May
22

Bible Reading for May 22 – Romans 11:1-24

Home > Updates > Bible Reading for May 22 – Romans 11:1-24

Why don’t they get it? Maybe you have family members or close friends who don’t believe in Jesus. You’ve tried and tried to explain the gospel to them, but they’re just not interested – they just don’t want to hear it. Why can’t they see what you see?

This was Paul’s experience, for the Jewish people of His time were His kinsmen, people he knew and loved. And time and time again, he went into their synagogues and told them what the Old Testament said about Jesus. But no matter how carefully he explained the real meaning of the Scriptures to them, many of them refused to listen. If Jesus really was their Messiah, they didn’t want Him.

So, how was Paul to understand the promises that God had made to Abraham, promises to be the God of Abraham’s descendants? Well, in the first place, Paul remembered that this wasn’t the first time in the history of God’s people that many of them had turned away from God. In the days of Elijah, regardless of the amazing miracles he had done, and regardless of the truth of his preaching, many people preferred to worship Baal than to worship God.

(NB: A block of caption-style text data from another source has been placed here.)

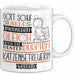 Katzenbetreuerin Geschenk Becher Tasse Gott Schuf Alle Menschen Gleich Nur Die Besten Durfeten Katzenbetreuerin Werden Geschenkidee Lustig Weiß Trendation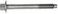 Dorman 917509 Front Wheel Hub Bolt Compatible with Select Jeep Models 3 Pack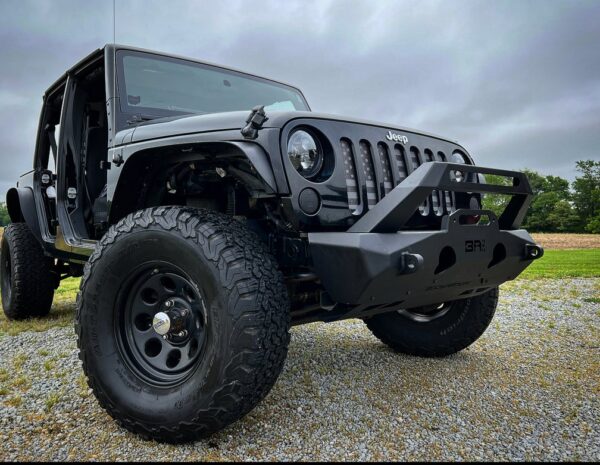 Body Armor 2007-2026 Jeep Wrangler Jk/jl && Gladiator JT Orion Stubby Front Bumper - BOD-JP-19535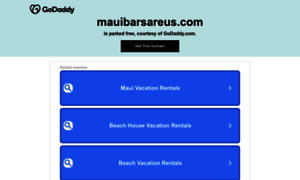 Mauibarsareus.com thumbnail
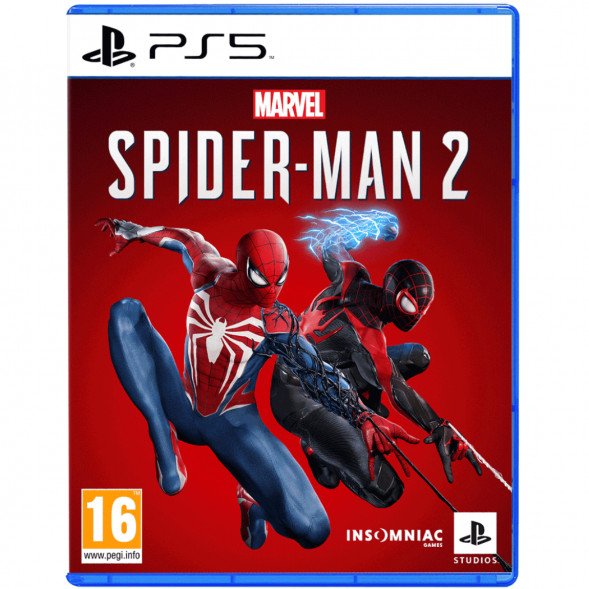Игра Marvel Spider-Man 2 [PS5, русская версия]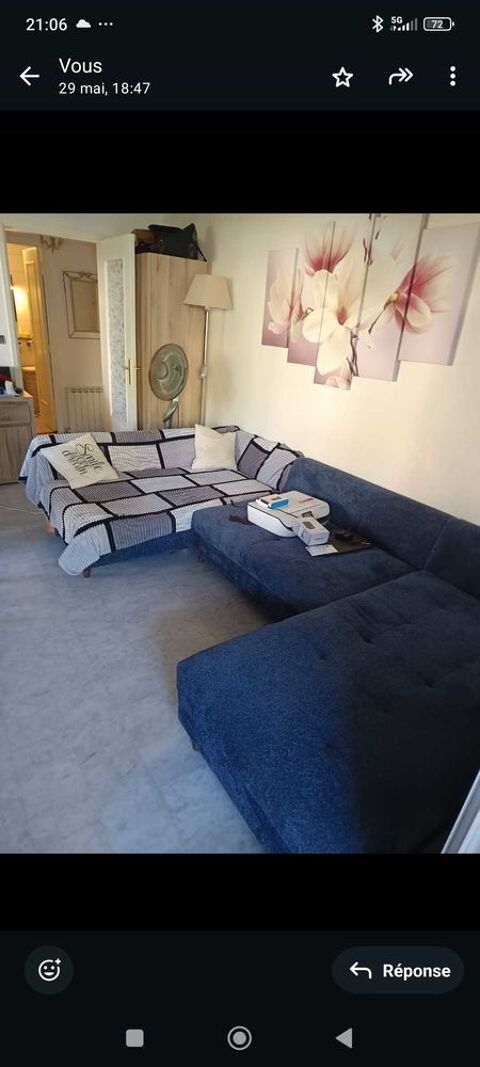 canap d'angle 150 Cagnes-sur-Mer (06)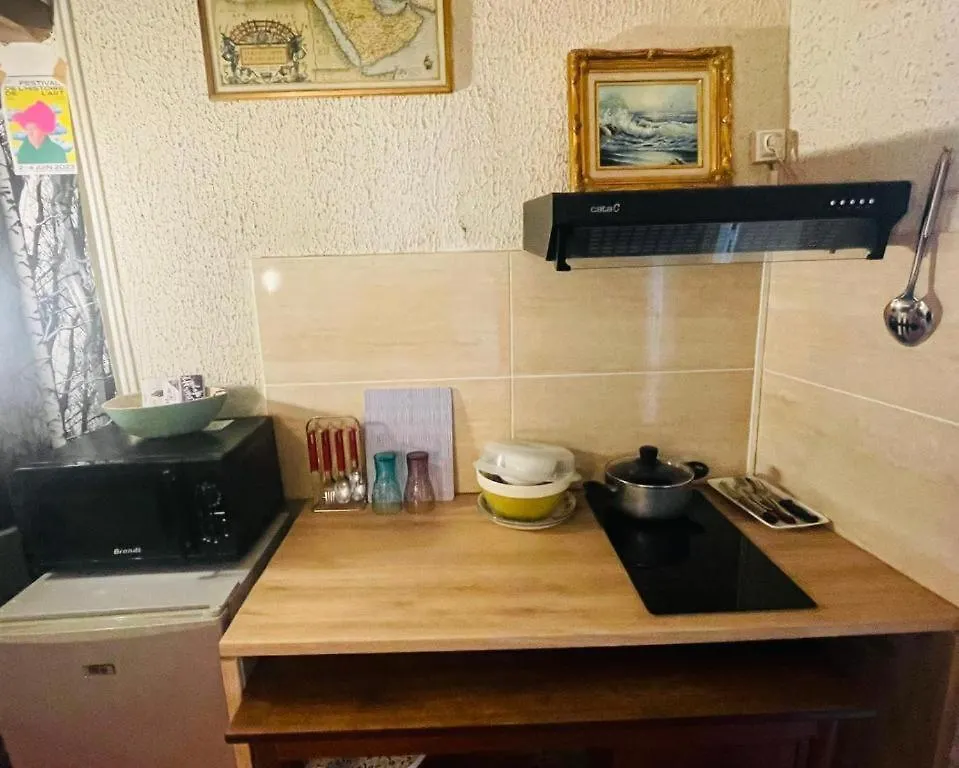 Apartament Nice Studio Near Notredame Paryż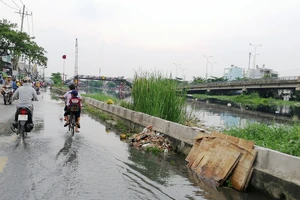 Cận cảnh quận 8 trước giờ 'lũ' tràn tấn công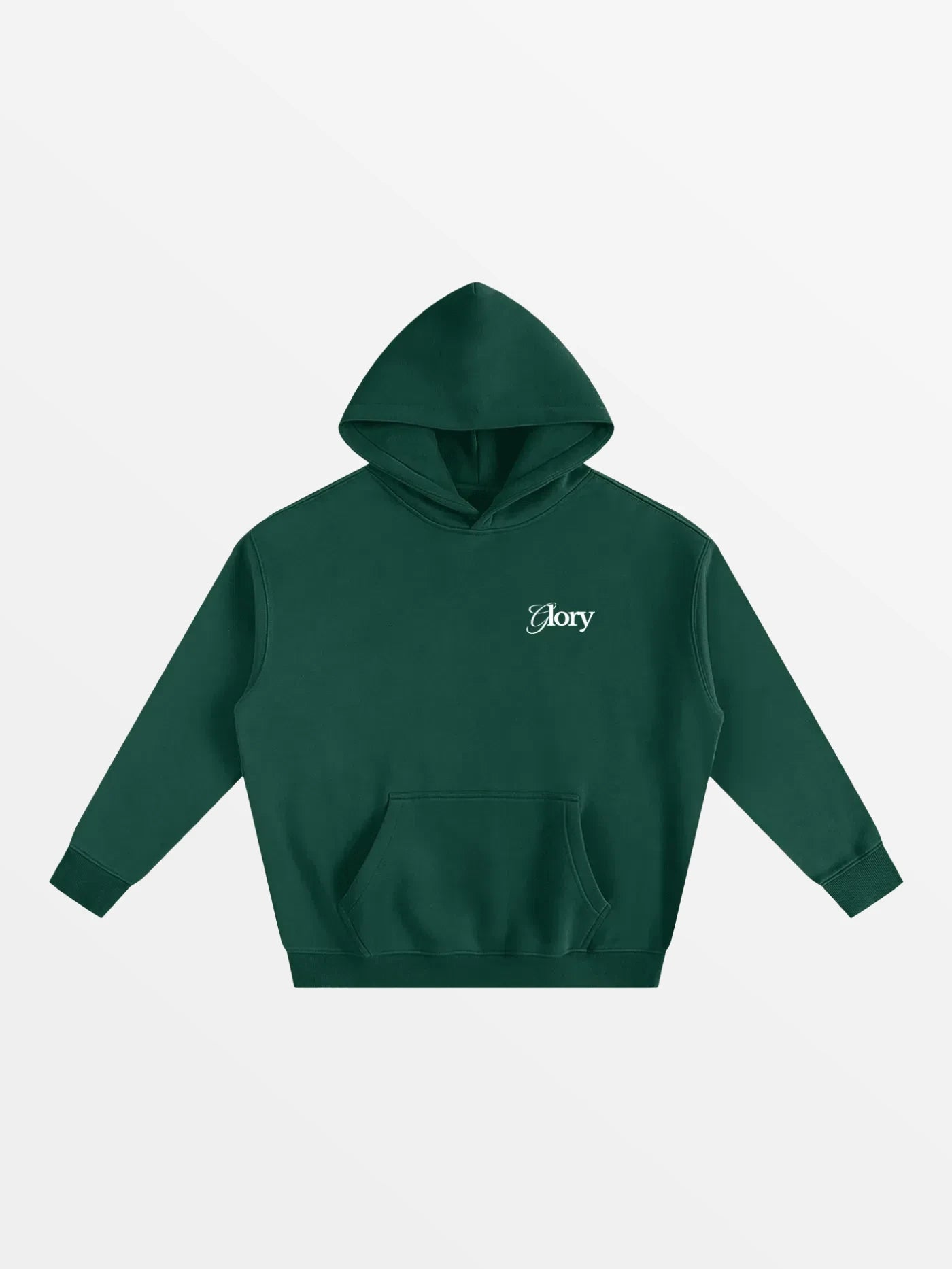HOODIE "SODI"-SHINEANDGLORY- Vert-S-SHINEANDGLORY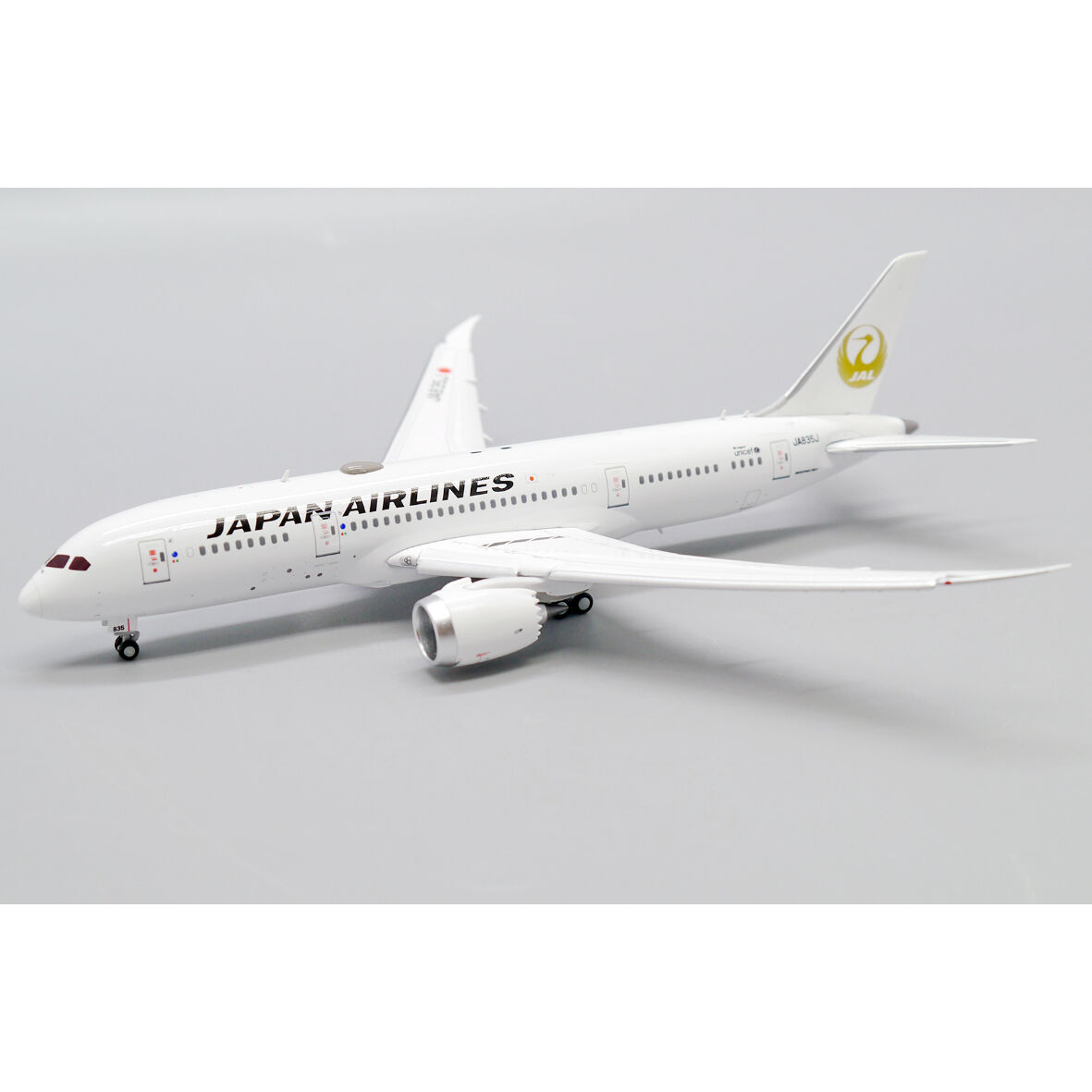 JAL 787-8 金の鶴丸 日本航空 金JAL JA835J original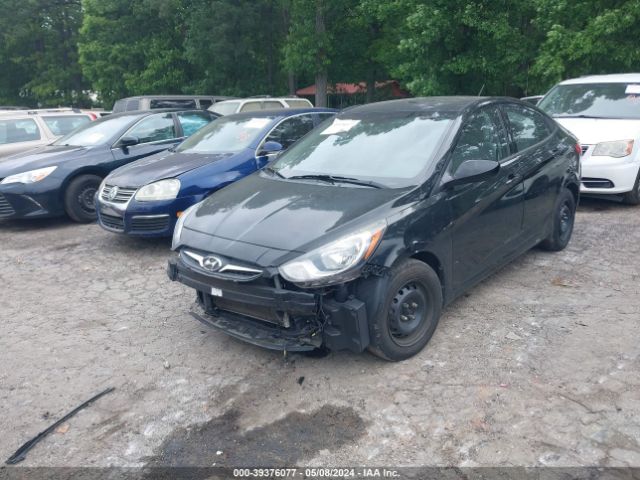 Photo 1 VIN: KMHCT4AE2EU758343 - HYUNDAI ACCENT 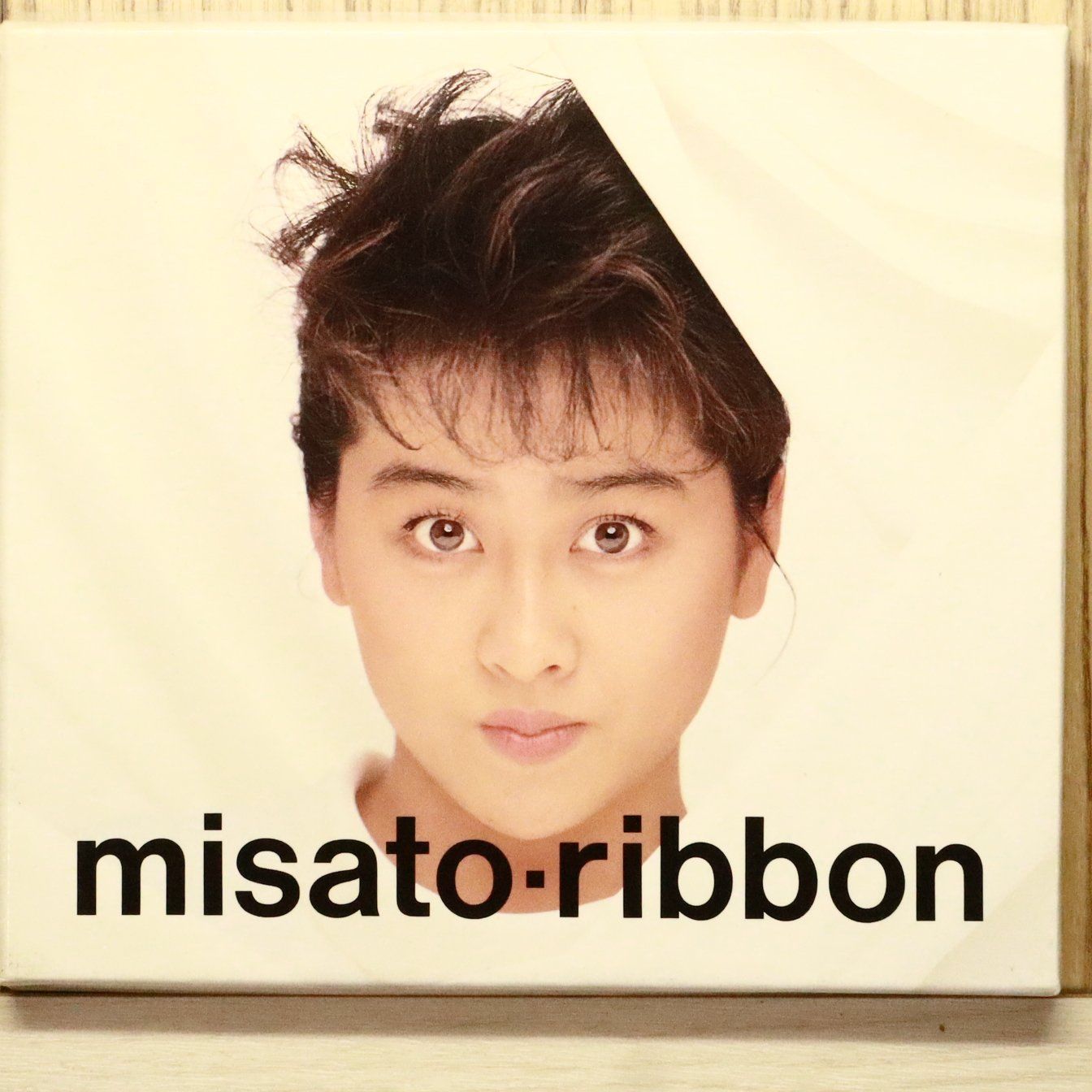 国内盤CD☆渡辺美里/MISATO WATANABE□ Ribbon 【32・8H5030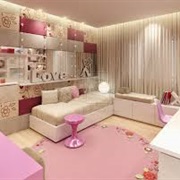 Teenager Rooms for Girls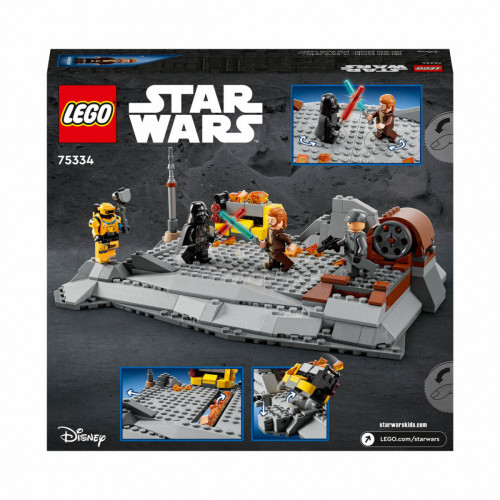 Lego Star Wars 75334 Obi-Wan Kenobi vs. Darth...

Elijah became so discouraged about it that he wanted to die.

But God reminded Elijah that no matter how many of His people turned away from Him, there were others that remained faithful (v. 4). That was certainly true in Paul’s time. After all, he himself was Jewish, as were all the apostles. The Book of Acts says that thousands, multitudes of the Jewish people of his time had become followers of Christ. So God was in fact keeping His covenant promise to Abraham. God had not rejected His Old Testament people out of hand (v. 2).

But Paul also understood that those who had come to believe in Christ had done so because of God’s grace (v. 6). It was God Who had opened their eyes to see Jesus. It was God Who had opened their ears to believe the words of the gospel that they had heard. God had saved Paul and Paul was confident that God would save others in the same way.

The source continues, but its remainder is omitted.